Bu dönemde hastalıklardan korunmak ve kilonuzu kontrol altına alabilmek için dikkat etmeniz gerekenlere bir göz atalım;
- Günlük diyetinizde yapacağınız küçük ve olumlu değişikliklerin sağlığınıza yapacağı önemli farklılıkları unutmayınız.
- Özellikle besin çeşitliliği bu dönemde önem taşımaktadır. Örneğin yemek yediğiniz tabağı göz kararı 4 eşit parçaya ayırın ve değişik besin gruplarını ve antioksidan kapasitesi yüksek değişik renkte besinleri aynı tabakta tüketip besinlerin etkileşiminden faydalanın.
- Sağlıklı kalabilmek için gün içerisinde 50 kadar besin öğesini tüketmek gerekmektedir. Bunun için Karbonhidrat, yağ, protein, mineral ve vitaminlerin dengeli ve yeterli miktarlarda almaya dikkat edin.
- Mevsim geçişleri metabolizma hızının değişmesine, bağışıklık sisteminin zayıflamasına ve hastalıklara davetiye çıkarmaktadır. Bu dönemde vücut direncini arttırmak için antioksidan olarak da görev yapan A, C, E vitaminleri ile selenyum, çinko, magnezyum gibi minerallerin bunun yanı sıra omega – 3 ve omega – 9 yağ asitlerinden yeteri kadar almak gerekir.
A vitamini; Yumurta, süt, balık, havuç, kayısı gibi sarı, domates gibi turuncu ve ıspanak, brokoli, kabak gibi yeşil sebze ve meyvelerde bulunur.
C vitamini; Yeşilbiber, maydanoz, tere, roka, karnabahar, ıspanak, portakal, limon, mandalina, kivi, kuşburnu gibi besinlerde bulunur.
E vitamini; yeşil yapraklı bitkiler, yağlı tohumlar ve bunlardan elde edilen yağlar, sert kabuklu meyveler (fındık, ceviz, badem vb.) tahıl taneleri ve kuru baklagillerdir. Et, yumurta ve balıkta da bir miktar E vitamini vardır. Tohumların özünde (embriyosunda) yer alır.
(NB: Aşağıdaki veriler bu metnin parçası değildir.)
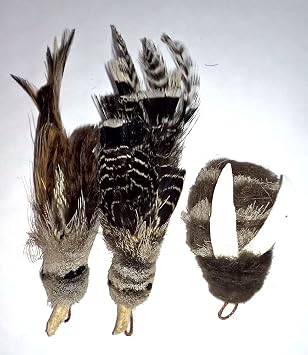 Bird and Bee Pack Refill/Attachment Finch, Gila and Bee - Fits Wildcat and Popular Bird and Mouse Type Wands/Poles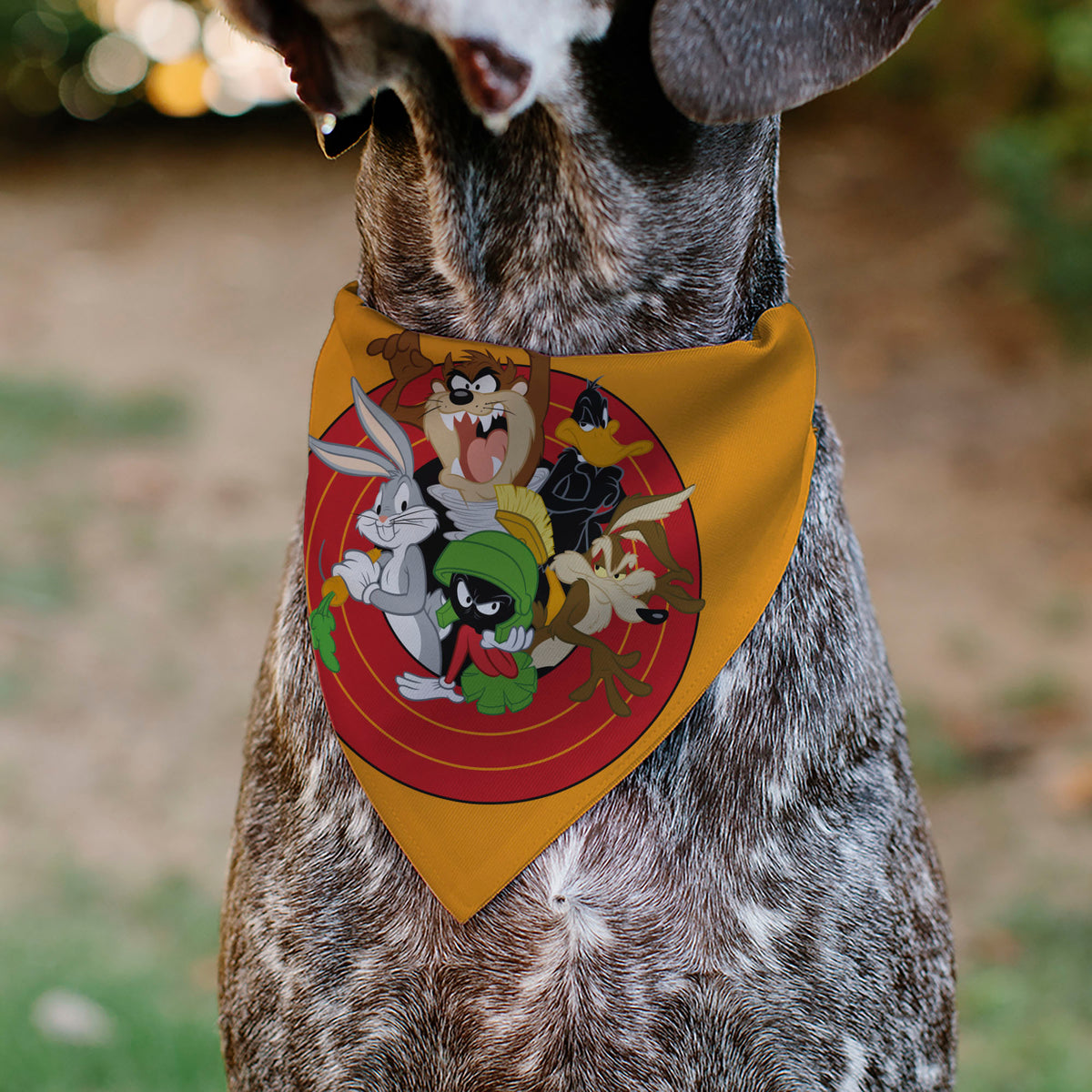 Pet Bandana - LOONEY TUNES Five Character Target Pose Orange Pet Bandanas Looney Tunes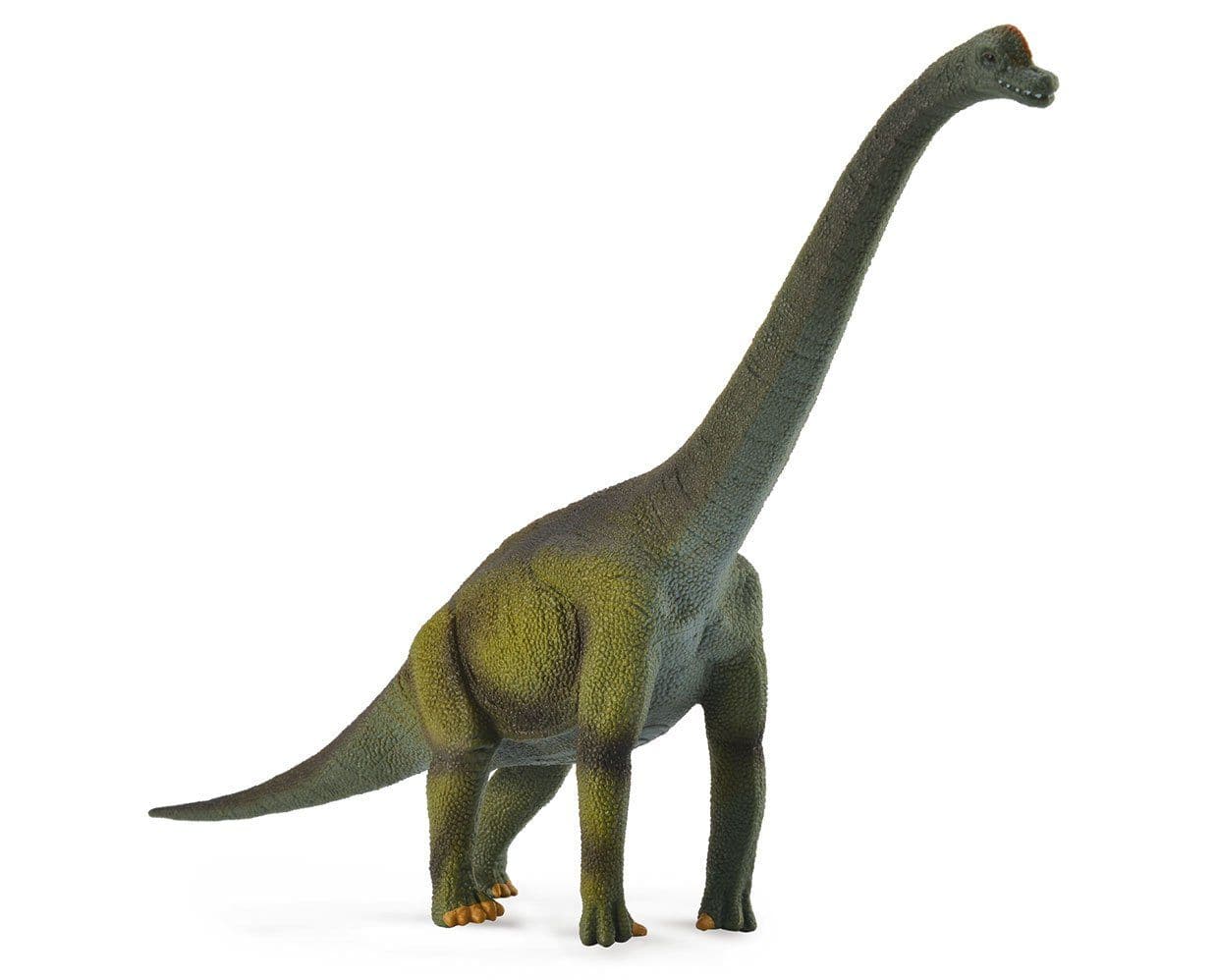 Brachiosaurus - Image 2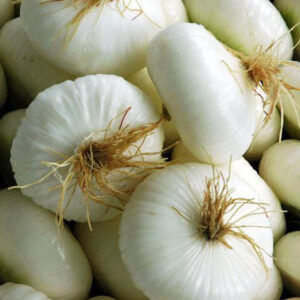 Cipolla Bianca Piatta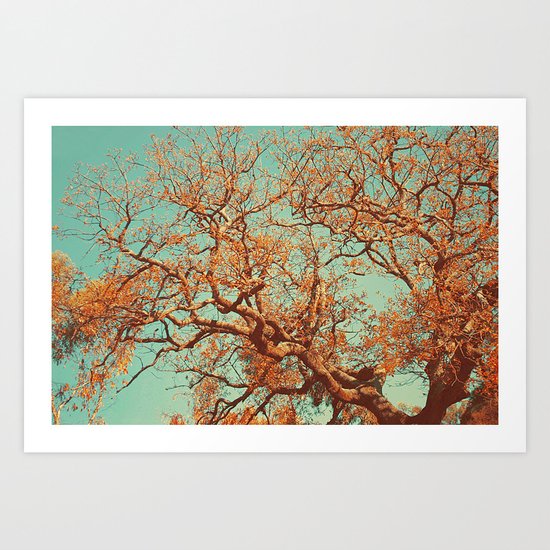 Orange. Art Print
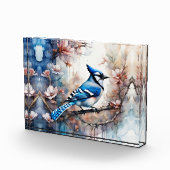 Blue Jay Cherry Blossoms waterverf Fotoblokken (Rechts)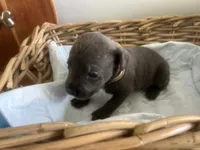 Einstein, a male Cane Corso for sale in Sarasota, FL – 3 of 5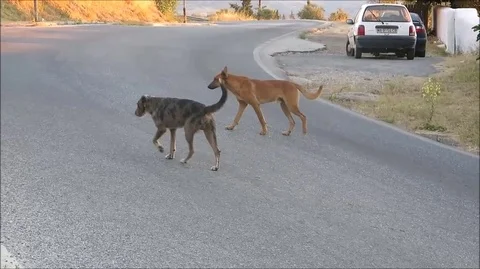 Two Dogs Walking Stock Footage 92939830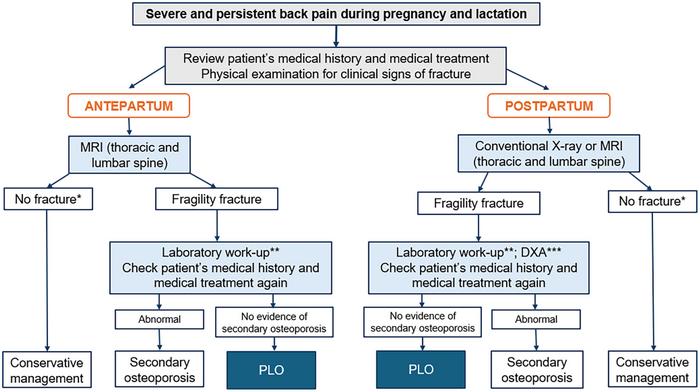 Assessment and diagnosis of women with suspected pregnancy- and lactation-associated osteoporosis (PLO)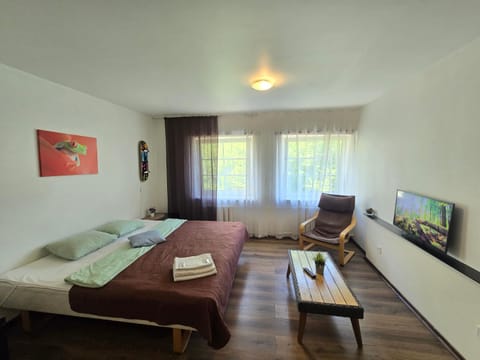 Photo of the whole room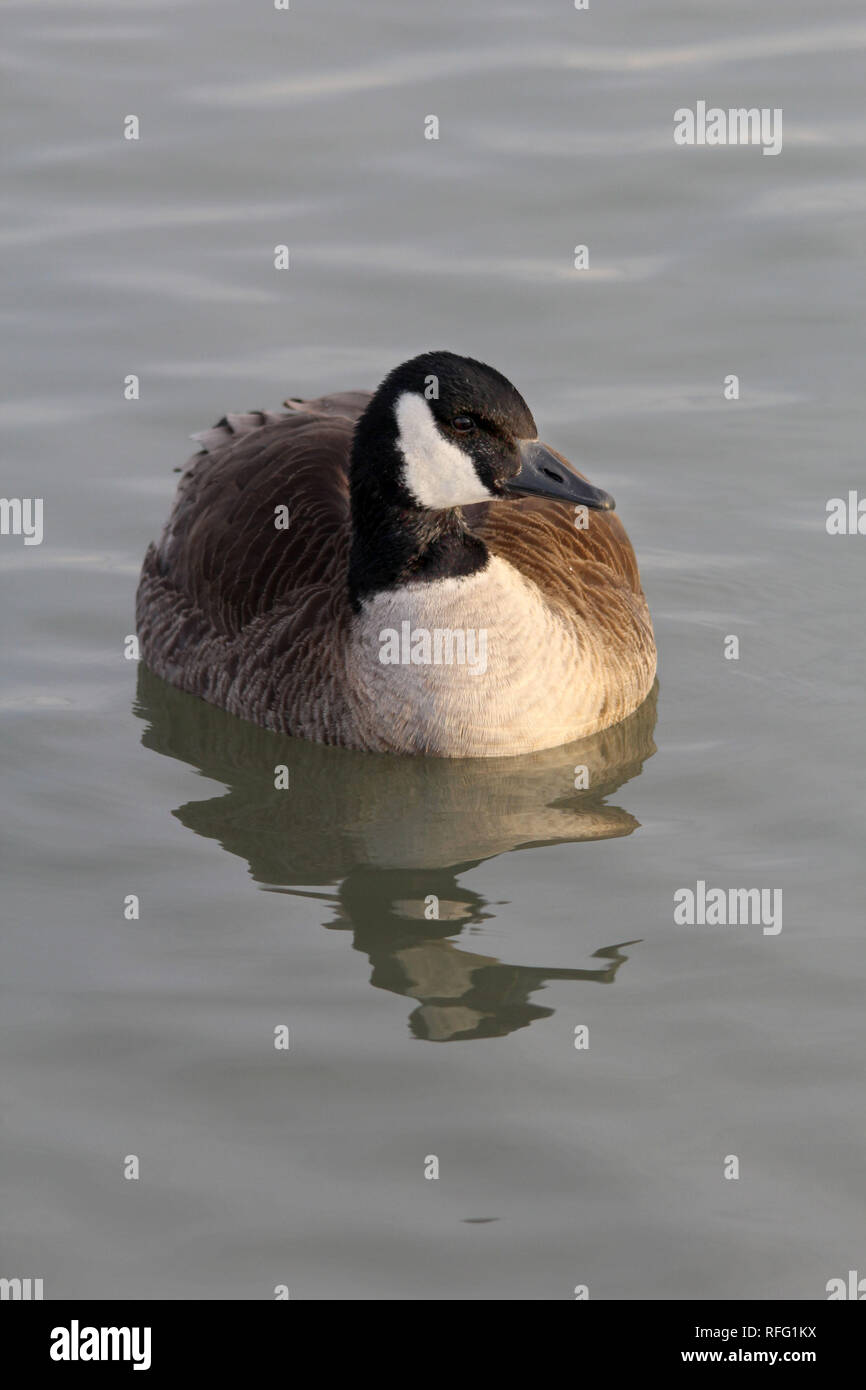 Canada Geese swimming on lake Stock Photo - Alamy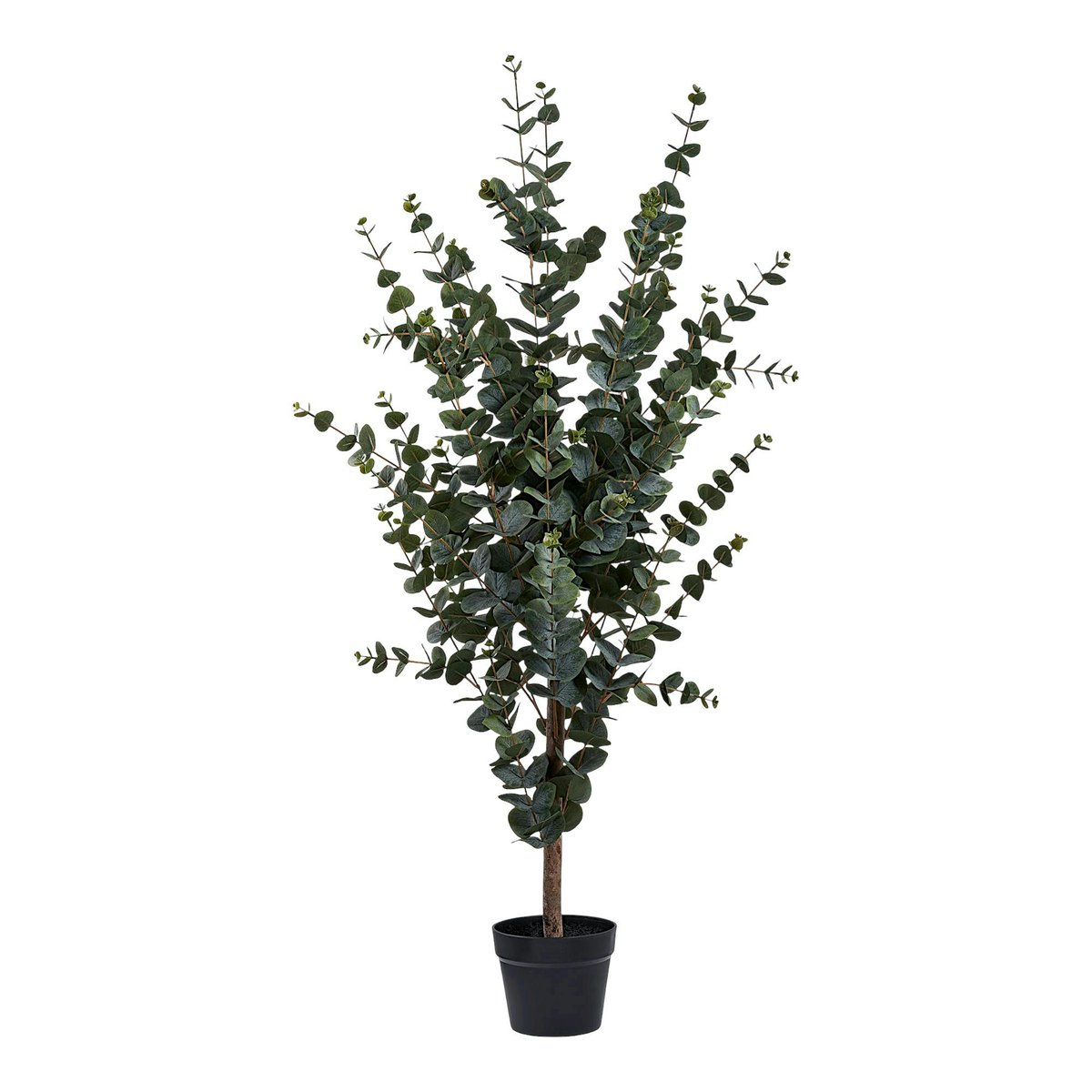 Eucalyptus artificiel en pot vert, PIER IMPORT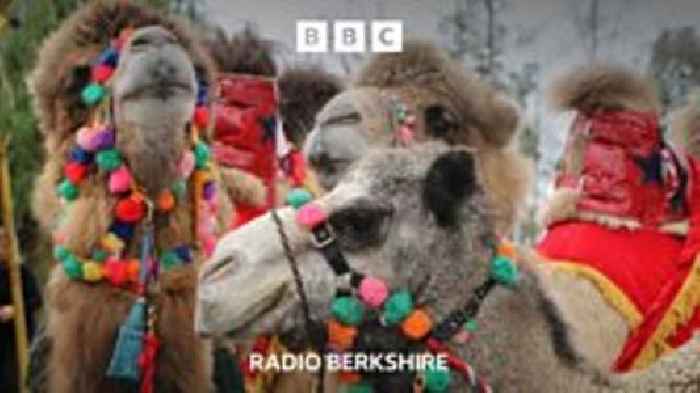 Three camels star in school nativity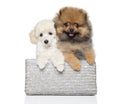 Poodle puppy and young Spitz dog in the basket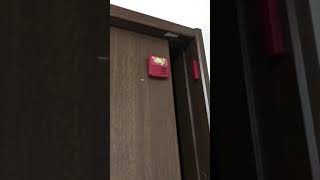 モンスターハンターワールド 一番くじ エフェクトーン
En zenginleri, yağlı tohumlardır.
Selenyum; tüm deniz ürünleri, mantar, susam, Tam tahıllar, deniz ürünleri, sarımsak ve yumurta selenyumun en iyi kaynaklarıdır.
Çinko; İstiridye, buğday ürünleri, susam ve ayçiçeği çekirdekleri, badem, yağsız et, tavuk, hindi, çinko kaynaklarıdır.
Magnezyum; yeşil yapraklı sebzeler, kuru baklagiller, sert sular, muz, avokado, kakao, çikolata, fındık, ceviz ve kabak çekirdeği gibi yiyecekler magnezyumun önemli kaynaklarıdır.
Omega 3; yağlı balıklar olan somon, ringa, sardalye, ton, uskumru, yağlı tohumlar olan ceviz, badem, soya filizi, nohut, keten tohumu, kuş üzümü ve yeşil yapraklı sebzelerde bulunur.
Omega 9; zeytinyağı en iyi kaynağıdır.
- Bu aylarda özellikle sigara içenlerin içmeyenlere göre iki kat fazla C vitamini tüketmesi gerekmektedir.
- Izgara, buğulama, haşlama gibi pişirme yöntemleri kullanılmalıdır.
- Kendinizi mutsuz hissediyorsanız muz, taze sıkılmış meyve suları, ceviz, fındık, badem yada 1-2 parça bitter çikolata da ara öğünlerde tüketilebilir.
- Havaların soğumasıyla birlikte vücut ısı değişikliğine uyum sağlayabilmek için harcamış olduğu enerjiyi miktarını düşürür. Kilo almak istemiyorsanız aldığınız kalori ile yaktığınız kalorinin eşit olması gerekmektedir. Dolayısıyla miskinlikten kurtulup mutlaka haftada 2 -3 kez fiziksel aktivite yapılmalıdır.
- Lif tüketimini dengeleyebilmek için kuru baklagiller, tam tahıl ürünleri, sebze ve taze/kuru meyveler tüketilmelidir.
- Alınan tüm toksinleri vücuttan uzaklaştırabilmek için 8 -12 bardak su içilmelidir.